• _EXTRACTED INFORMATION_:
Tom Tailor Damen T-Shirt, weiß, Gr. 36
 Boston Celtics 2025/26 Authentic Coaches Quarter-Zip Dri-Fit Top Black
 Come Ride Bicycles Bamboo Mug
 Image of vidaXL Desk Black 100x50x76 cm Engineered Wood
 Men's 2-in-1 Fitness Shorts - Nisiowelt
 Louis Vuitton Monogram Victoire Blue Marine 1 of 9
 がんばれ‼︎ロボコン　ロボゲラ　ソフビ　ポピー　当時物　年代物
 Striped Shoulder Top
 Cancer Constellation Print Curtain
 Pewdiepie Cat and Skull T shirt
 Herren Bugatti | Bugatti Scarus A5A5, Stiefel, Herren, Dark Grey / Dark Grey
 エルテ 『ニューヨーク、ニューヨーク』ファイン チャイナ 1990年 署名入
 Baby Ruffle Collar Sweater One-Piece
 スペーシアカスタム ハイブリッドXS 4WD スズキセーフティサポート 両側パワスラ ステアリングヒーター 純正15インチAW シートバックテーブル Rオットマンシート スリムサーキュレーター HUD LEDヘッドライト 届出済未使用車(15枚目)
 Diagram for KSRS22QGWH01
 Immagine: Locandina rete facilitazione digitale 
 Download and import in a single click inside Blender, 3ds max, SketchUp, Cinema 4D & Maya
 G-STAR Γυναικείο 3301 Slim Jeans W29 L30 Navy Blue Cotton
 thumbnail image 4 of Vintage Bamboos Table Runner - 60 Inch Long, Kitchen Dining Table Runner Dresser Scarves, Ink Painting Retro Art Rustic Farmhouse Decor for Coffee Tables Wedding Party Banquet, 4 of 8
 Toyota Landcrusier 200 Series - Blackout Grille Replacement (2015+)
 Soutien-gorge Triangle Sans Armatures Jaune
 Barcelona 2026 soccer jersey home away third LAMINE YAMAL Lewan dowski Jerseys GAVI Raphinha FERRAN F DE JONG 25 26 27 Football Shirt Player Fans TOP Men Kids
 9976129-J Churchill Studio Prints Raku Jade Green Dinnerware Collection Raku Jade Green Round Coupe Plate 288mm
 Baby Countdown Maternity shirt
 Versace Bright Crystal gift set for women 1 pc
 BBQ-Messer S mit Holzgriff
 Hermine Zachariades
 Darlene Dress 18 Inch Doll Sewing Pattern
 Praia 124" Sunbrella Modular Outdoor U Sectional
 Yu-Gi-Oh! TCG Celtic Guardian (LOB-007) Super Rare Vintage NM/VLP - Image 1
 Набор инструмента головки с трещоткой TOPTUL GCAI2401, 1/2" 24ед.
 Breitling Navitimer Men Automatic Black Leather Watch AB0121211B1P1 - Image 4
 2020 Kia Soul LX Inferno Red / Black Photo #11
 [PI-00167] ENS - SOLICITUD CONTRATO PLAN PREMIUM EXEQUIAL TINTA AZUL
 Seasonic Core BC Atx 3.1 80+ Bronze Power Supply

• _WORK TO COMPLETE_:
Could you set down, exactly as written, the lines above between the one holding "Baby Ruffle Collar Sweater One-Piece" and the one holding "Soutien-gorge Triangle Sans Armatures Jaune", inclusive, and nothing more?

• _SOLUTION TO THIS EXERCISE_:
 Baby Ruffle Collar Sweater One-Piece
 スペーシアカスタム ハイブリッドXS 4WD スズキセーフティサポート 両側パワスラ ステアリングヒーター 純正15インチAW シートバックテーブル Rオットマンシート スリムサーキュレーター HUD LEDヘッドライト 届出済未使用車(15枚目)
 Diagram for KSRS22QGWH01
 Immagine: Locandina rete facilitazione digitale 
 Download and import in a single click inside Blender, 3ds max, SketchUp, Cinema 4D & Maya
 G-STAR Γυναικείο 3301 Slim Jeans W29 L30 Navy Blue Cotton
 thumbnail image 4 of Vintage Bamboos Table Runner - 60 Inch Long, Kitchen Dining Table Runner Dresser Scarves, Ink Painting Retro Art Rustic Farmhouse Decor for Coffee Tables Wedding Party Banquet, 4 of 8
 Toyota Landcrusier 200 Series - Blackout Grille Replacement (2015+)
 Soutien-gorge Triangle Sans Armatures Jaune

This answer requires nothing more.